ReplyDeleteOkay, sure, but first you need to get that 27/7 is 3 remainder 6, which is the real meat of the division. This just lets you turn the "remainder" bit into a string of digits, which is neat I guess but doesn't do you a lot of good if you're trying to divide a four-digit number by 7. I dunno, from the post title I guess I was expecting a neat divisibility trick for 7 or something.

Ok so if you want to test for divisibility by 7 then you can cut off the units coloum and subtract it from the other bit twice.

Deleteexample to see if 123456 is divisible y 7

123456 goes to

12345-2*6=12333 goes to

1233-2*3=1227 goes to

122-2*7= 108 which isn't divisible by 7 so 123456 isn't either

Ooh, clever. You're basically subtracting 21 times the units digit from the original number, then dividing the result by 10. Since 7|21 and 10 is coprime to 21, that works.

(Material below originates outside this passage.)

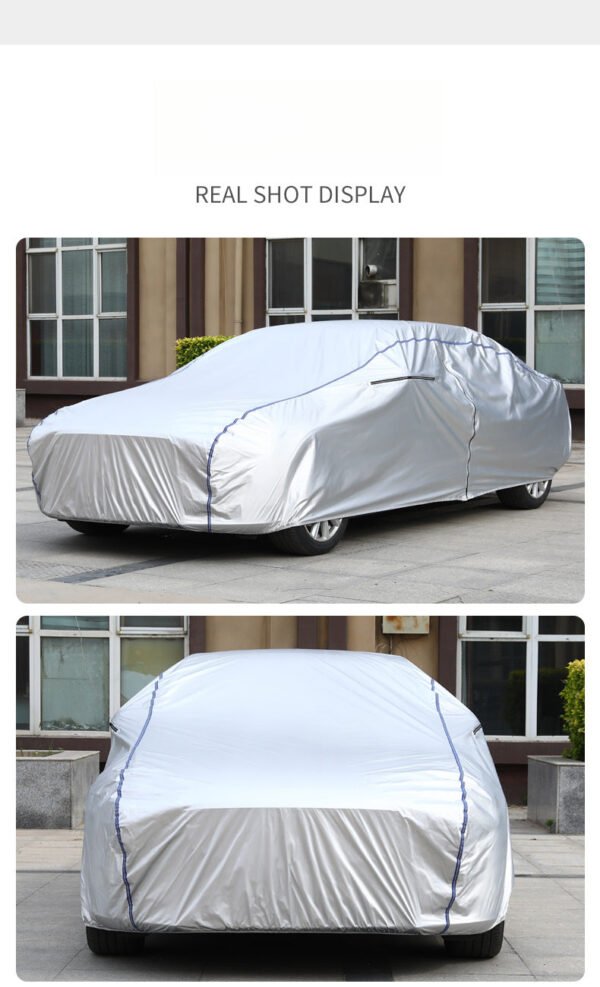 Universal Car Cover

Presumably you could extend this to other divisors, e.g. subtract the units digit 5 times instead of 2 times to test divisibility by 17? (Though 17's pretty easy anyhow because it divides 102 and 1003.)

DeleteI like that way of thinking about it. I guess we need a multiple of 17 which ends in 1 so, cut off last digit and subtract 5 times that from the non-units part?

DeleteM(¹³)+A(¹)+T(²ยบ)+H(8)=42db(Date of Birth)

ReplyDeleteThe result of the math literary equals the last number 4•2=8HeArt or h8.

Also the numbers 42 mirror is 24(x) for the hours of day(times).

This number is also found in the Magikal Sun Table.